On August 7, 2016, a 69-year-old white California man beat his estranged wife to death with a hammer.
Though he hit her in the head over twenty times, prosecutors removed an allegation from their complaint that would have characterized John Tercheria's actions as “especially heinous, cruel, or depraved.” In turn, he was spared the death penalty.
Instead, Tercheria, who lived in Northern California's Blackhawk neighborhood with his wife Linda, has been sentenced to seventeen years and four months in prison, with a potential twenty percent sentence reduction for good behavior.
By eliminating the possibility of the death penalty in Tercheria’s case, the prosecutor has aided in sculpting the ways in which both the jury and the public perceive his actions.
Cases such as Tercheria’s demonstrate that prosecutors are not obligated to impose the death penalty on the accused, though the nature of one's crime may be particularly heinous (and even involve torture).
Capital punishment is symptomatic of the retributive nature of the United States prison system that can be summed up, generally, by the philosophy: “a life for a life, an eye for an eye.” Nonetheless, even in our purportedly civilized society, effective challenges to the death penalty are astoundingly rare.

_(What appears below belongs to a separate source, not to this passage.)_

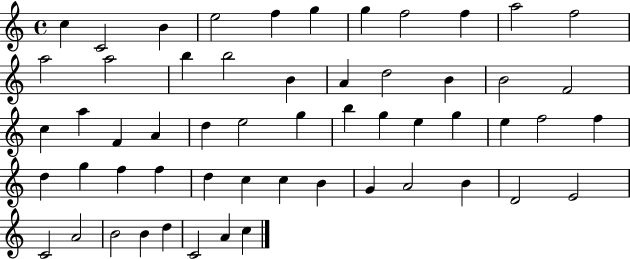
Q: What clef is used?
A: treble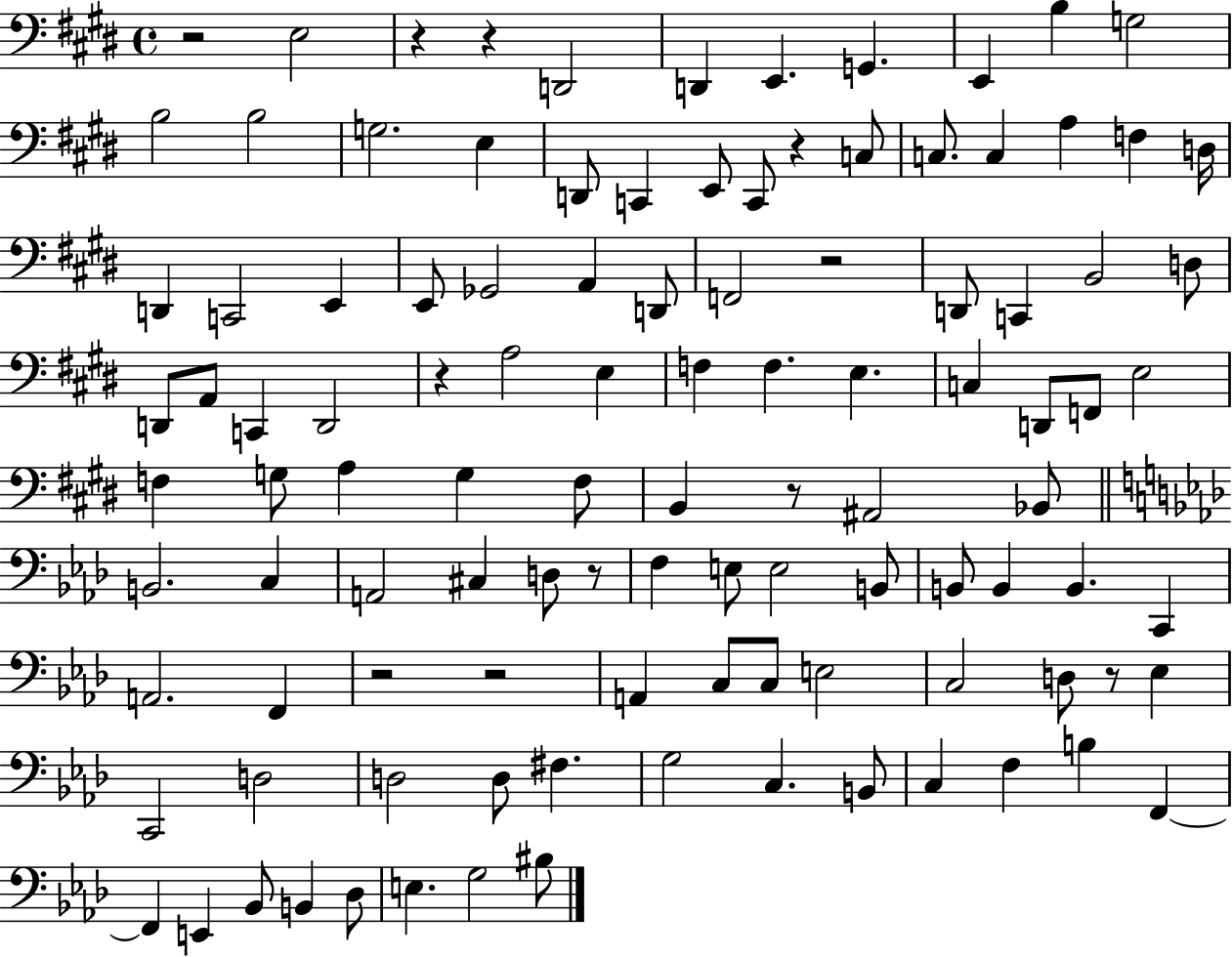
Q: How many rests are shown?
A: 11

Of course, in March 2019, California joined twenty states and Washington, D.C., when Governor Gavin Newsom ordered a moratorium on the state's death penalty (which can be overturned by the state's next governor).
Unfortunately, eliminating capital punishment is only incremental progress. Moreover, the likelihood of the rest of the U.S. following suit anytime soon is slim. Still, who knows what sort of material benefits might manifest if our country's legal system no longer relied on such starkly retributive motives?

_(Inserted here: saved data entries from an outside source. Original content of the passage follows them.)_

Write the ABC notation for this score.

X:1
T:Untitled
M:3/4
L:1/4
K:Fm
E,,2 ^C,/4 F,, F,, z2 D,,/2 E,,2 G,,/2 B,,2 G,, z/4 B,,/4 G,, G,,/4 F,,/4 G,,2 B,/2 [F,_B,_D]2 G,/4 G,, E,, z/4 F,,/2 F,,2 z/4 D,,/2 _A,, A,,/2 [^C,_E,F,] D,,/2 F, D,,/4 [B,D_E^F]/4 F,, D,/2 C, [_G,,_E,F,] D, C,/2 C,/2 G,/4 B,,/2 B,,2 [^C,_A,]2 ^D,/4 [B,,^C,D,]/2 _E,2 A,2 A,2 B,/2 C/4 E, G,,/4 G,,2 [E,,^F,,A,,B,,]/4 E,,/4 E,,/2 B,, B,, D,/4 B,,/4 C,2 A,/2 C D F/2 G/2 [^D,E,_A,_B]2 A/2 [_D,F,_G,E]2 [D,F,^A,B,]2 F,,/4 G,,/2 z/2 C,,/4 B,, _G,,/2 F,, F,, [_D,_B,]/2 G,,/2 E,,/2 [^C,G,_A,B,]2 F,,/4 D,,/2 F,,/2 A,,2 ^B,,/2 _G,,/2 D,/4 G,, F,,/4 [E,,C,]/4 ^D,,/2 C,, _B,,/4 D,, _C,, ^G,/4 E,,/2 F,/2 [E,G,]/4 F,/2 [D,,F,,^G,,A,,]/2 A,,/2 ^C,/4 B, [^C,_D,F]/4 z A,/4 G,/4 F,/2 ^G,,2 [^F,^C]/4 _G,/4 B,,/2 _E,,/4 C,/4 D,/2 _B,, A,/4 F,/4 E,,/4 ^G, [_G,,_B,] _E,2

Of paramount importance when considering our punitive legal system is its racial breakdown. Take, for example, California’s death row population. Though the second largest racial group is white, the California Department of Corrections website shows that the largest racial population on the state’s death row is currently Black.
Considering California’s population is only 6.5% Black and 37.6% non-Hispanic white, this reality is seriously alarming. Even better is the overall racial breakdown of California’s male-designated prisons as of 2013: 29.5% Black and 22.5% white.
Though your garden-variety racist will do their damndest to convince you that our prisons are packed to the gills with Black and brown people because Black and brown people do bad things (i.e., because they're inherently bad; they should be locked up!), not so fast! There may, in fact, be more to the story.
Take, for example, the case of Darnell Washington, who is Black. Washington is currently sitting on death row for the murder of a woman in Northern California. The facts of Washington’s case are inarguably heinous. It is necessary that we have effective means by which to address such acts of brutality.
Now take the jury on Washington’s case, who was heard singing “I Can See Clearly Now” by Johnny Nash as they waited for the attorneys on the case to sort out a legal issue.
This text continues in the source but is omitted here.